Mrs. Gordon met the director of the Beijing Conservatory through Robert Mok, co-author of The Jade Flute, a book on Chinese music. The conservatory director obviously spoke to the musicians at the school after Mrs. Gordon left, for when she returned to Peking they were prepared. "'You want old?' they said. 'Well you got it!' and they played the xun for me."
The xun is an ocarina of ancient origin. Made of clay, slightly egg shaped and about five inches high, it has three small holes on either side, asymmetrically placed, two holes in the front for thumbs, and a slightly larger hole in the top into which the player blows. The xun used in the tour was replica of one excavated from a Shang tomb, which makes the original about 3,500 years old.
The instrument is heavy and cold and seemingly impossible to get a peep from unless you know exactly how to blow. It's more difficult than playing a flute. The sound, however, is far windier than the flute's. It has a haunting, lonely quality, with a slightly tinny echo whispering above each note. If you take the moon-viewing scholar in the scroll and put him in a cold and windy cave having sad and lonely thoughts, you will have the sound of the xun. The flute can sound a bit like this too, when made to, but the xun has no other choice. This is because of the nature of the material and the way it's shaped. The tone is made by the wind and hollow clay, and that's just what it sounds like. This close relationship between the instrument's material and its sound is very important in understanding Chinese music.

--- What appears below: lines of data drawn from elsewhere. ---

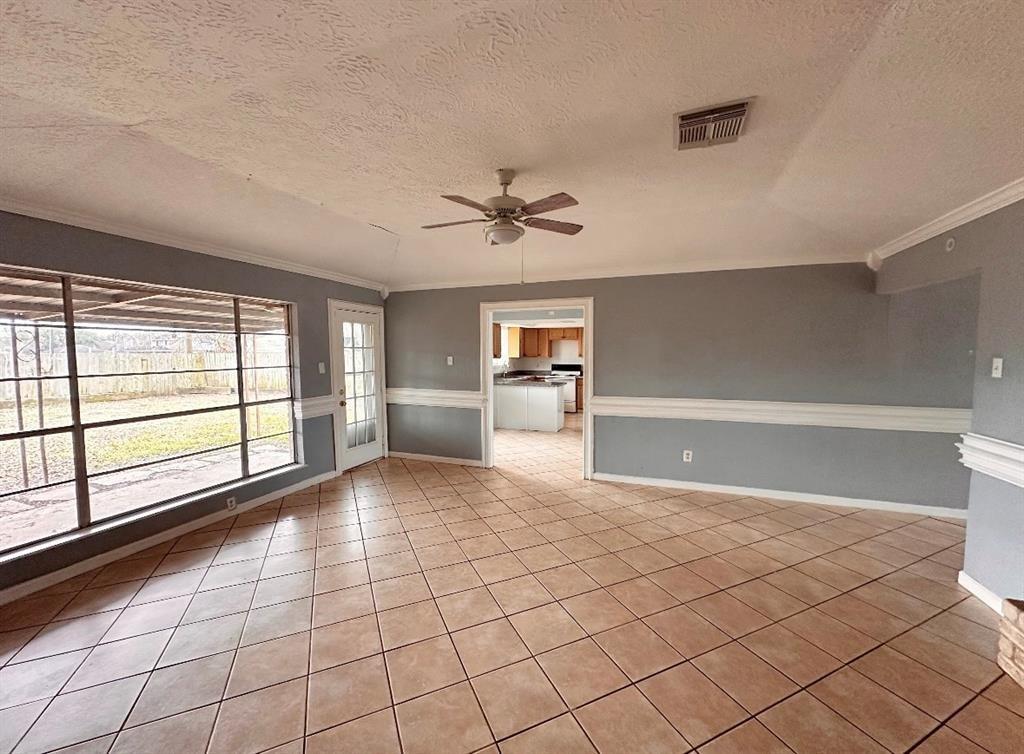 3347 Fern Rock Drive
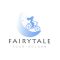 Fairy tale -Logo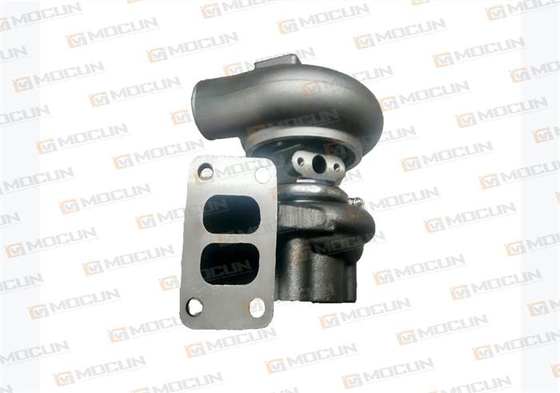 Diesel Fuel 5i8018  Turbo Chargers ,  320 Excavator Parts 49179-02300 49179-17822
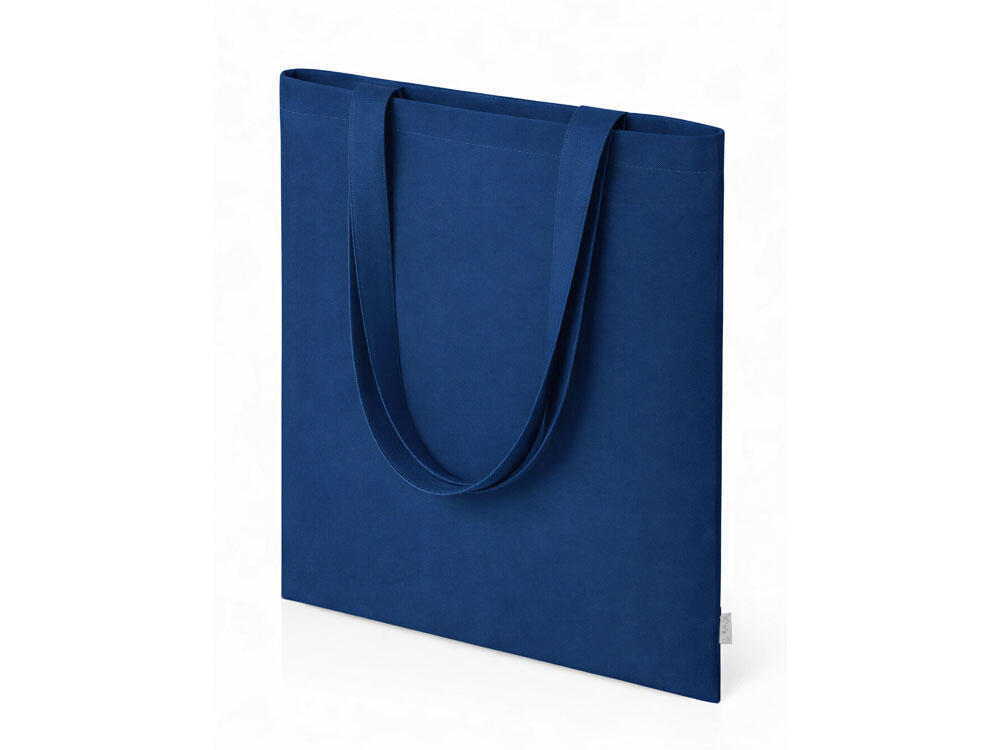 Нет картинки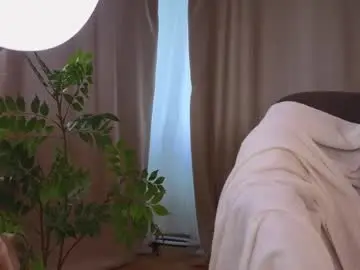 Chaturbate Live Porn of quennacindy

The first stop on the tour of the Beijing Central Conservatory musicians was The Asia Society in New York. Chen Tao played the xun at this concert as though he'd been taught by the ancients. Now a ripe twenty-two, he began his studies at the Beijing Conservatory when he was thirteen and plays many other instruments, mostly wind, though he has also studied piano for eight years. Most professional musicians in China do play many instruments, unlike Westerners, who tend to become highly specialized in one or two at most.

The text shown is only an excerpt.